What Are Artificial Sweeteners Doing to Our Kids?

Posted 12/27/2016 | By HealthCorps

A new study suggests that when we give young children drinks and foods made with artificial sweeteners, their less mature physiology results in higher levels of by-products from those sweeteners circulating for a while.

Artificial sweeteners like saccharin and aspartame have been studied for many decades, and deemed safe, but recently were found to be ‘active substances that impact metabolism.”  Prior to these new studies, the sweeteners were classified as “inert” meaning having no impact.  Despite the FDA position on artificial sweeteners, there are still concerns regarding long term health impact.  Consumer demands for low sugar and no sugar foods and beverages have driven the food and beverage industries to use artificial sweeteners as a main replacement for sugar.  Consumers believe that “zero-calorie” sweeteners are the key to weight loss.  Paradoxically, some studies have shown just the opposite.

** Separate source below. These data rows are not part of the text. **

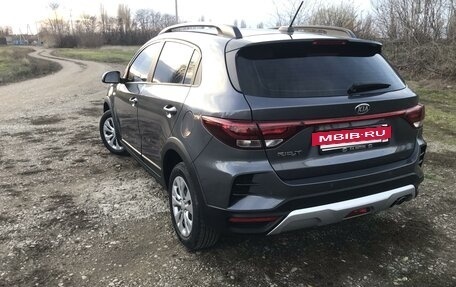 KIA Rio IV, 2021 год, 1 780 000 рублей, 5 фотография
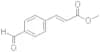 Methyl (E)-3-(4-formylphenyl)acrylate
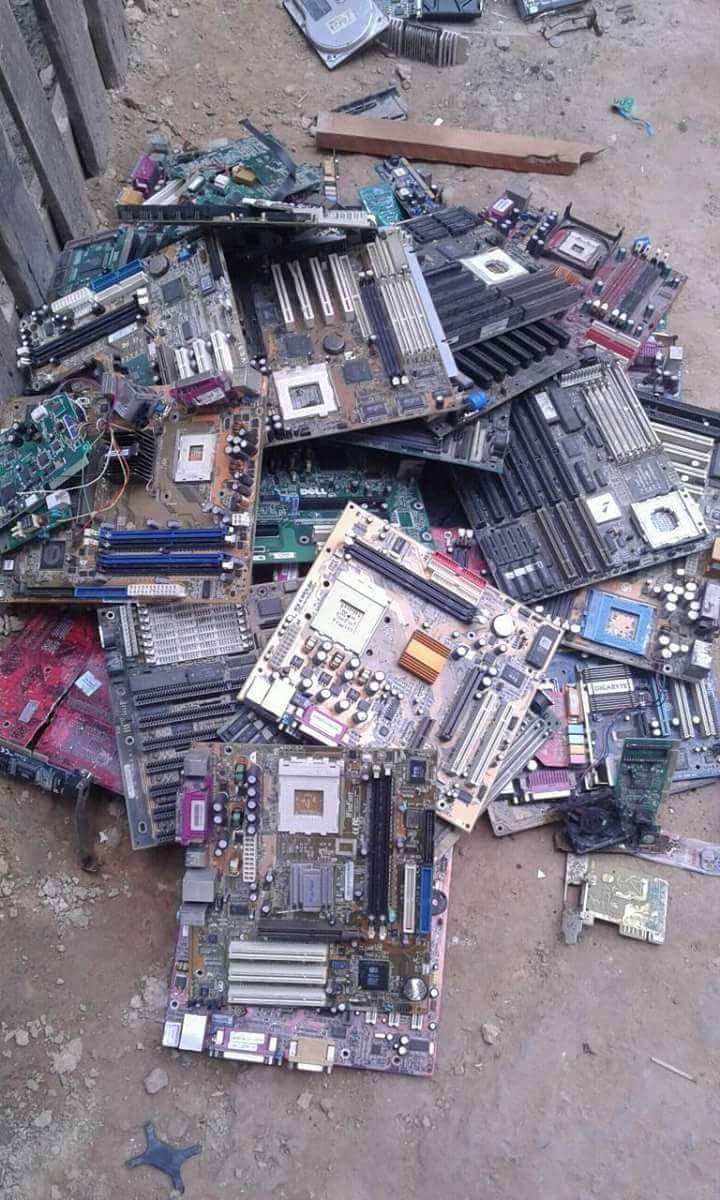 Electronic Scrap - #SELL16247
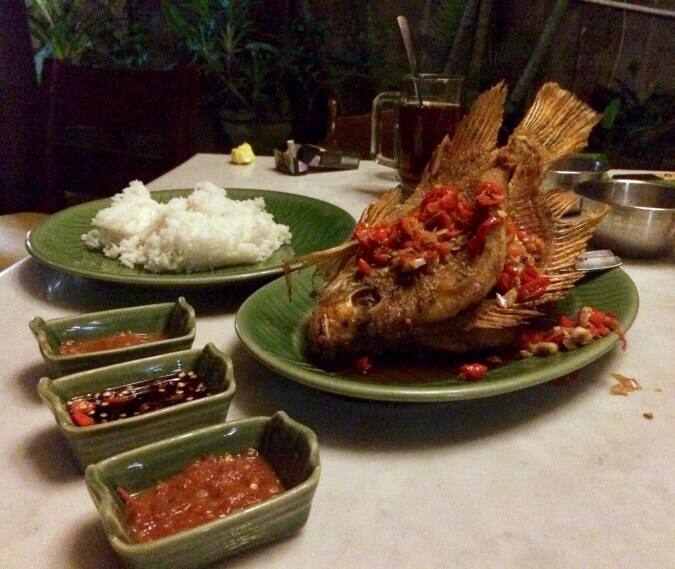  Ikan Bakar Cianjur Menu Menu untuk Ikan Bakar Cianjur 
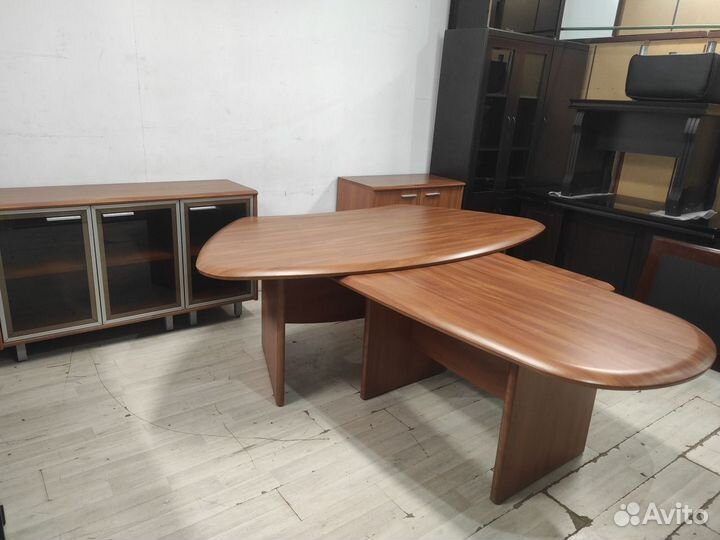 Кабинет руководителя технофорвард б/у 01034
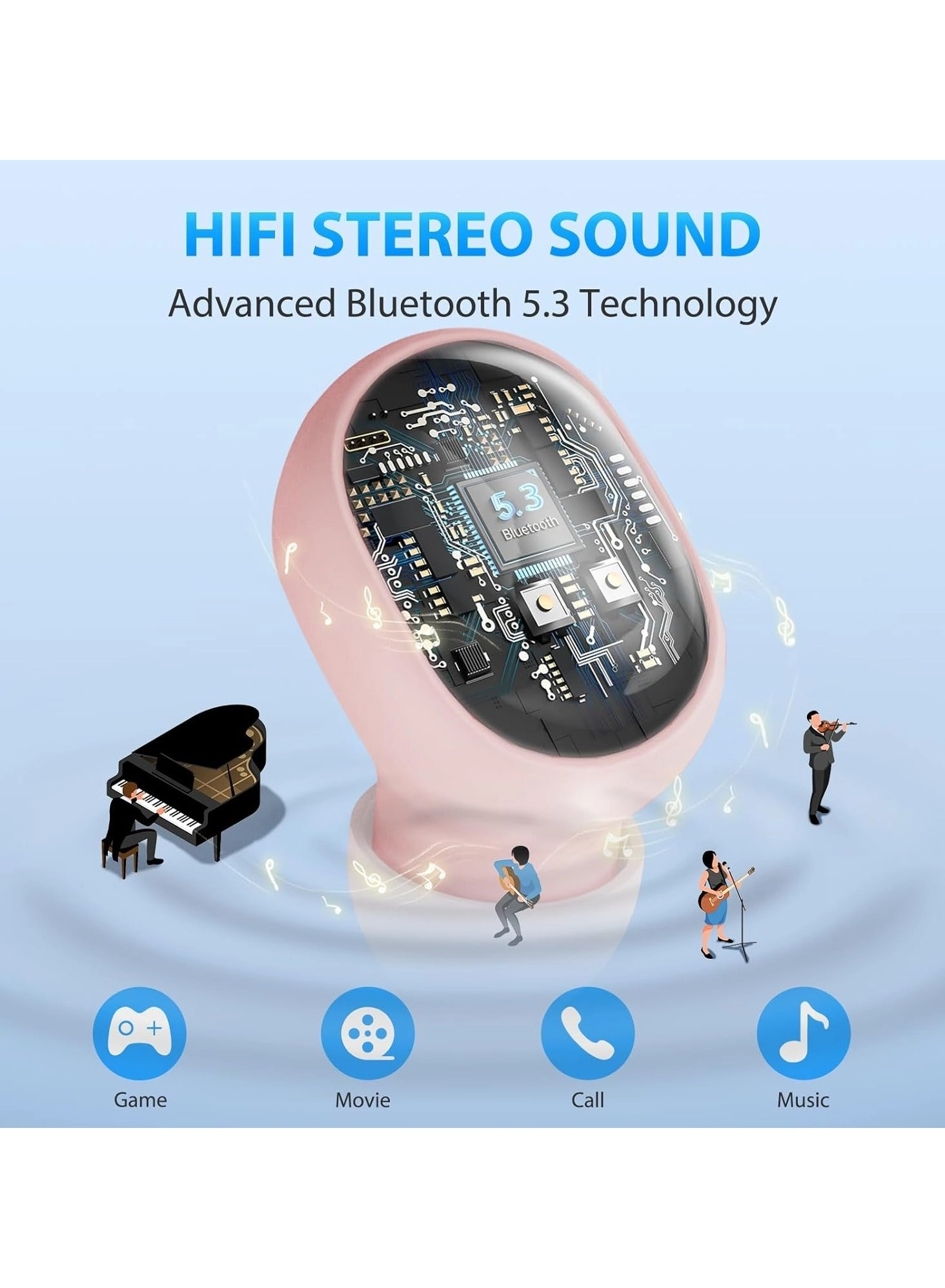 Z263 Wireless Earbud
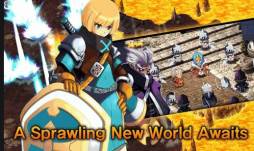 画像ギャラリー No.001のサムネイル画像 / 簡単な操作で楽しめるアクションRPG「ゼノニア5」がGoogle Playで配信中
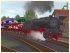 Schlepptenderdampflok DB 44 274 mit Kohletender (1)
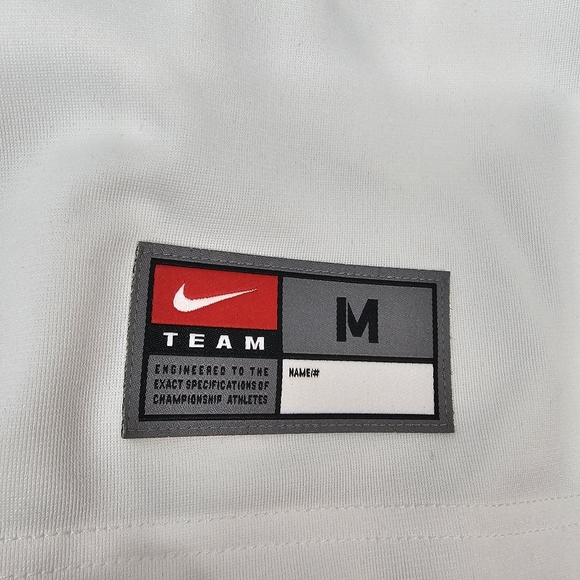 NWT Nike Team Mens #83 Air Force Falcons Untouchable Football Jersey Size M - Picture 9 of 16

This new study aimed to examine just how much artificial sweetener is absorbed into the bloodstream by children and adults after drinking a can of diet soda.  The soda contained sucralose and acesulfame-potassium.  The researchers had adult subjects drink different doses of sucralose with and without acesulfame-potassium, mixed in diet soda, seltzer and plain water.  They had children drink the same mixtures.

Results showed that when given the same mixture, children had double the concentrations of plasma sucralose after drinking a twelve ounce can of diet soda compared to adults.  Previous research showed plasma levels of this sweetener in women’s breast milk after they consumed drink or food sweetened with the sucralose.  And since infants have significantly less ability to clear substances from their bloodstream through their kidneys (lower glomerular filtration rates due to less mature kidneys), they would likely have even higher levels than the children in this study.

These earlier exposures to very sweet artificial sweeteners may affect a child’s future taste preferences, dietary choices and metabolic rate.  The higher levels of artificial sweetener byproducts may also make them more vulnerable to the intense flavors of artificial sweeteners.

There were variable plasma levels among the adults suggesting that some people absorb lower levels of the sweeteners while others absorb significantly higher levels.  The researchers feel that more large study efforts are needed to clarify the health implications of daily use of artificial sweeteners in different age groups.

A good rule for parents is to avoid introducing your children to regular or artificially sweetened sodas and drinks.  Water, low fat milk and unsweetened teas should be the main beverage choices offered to young children.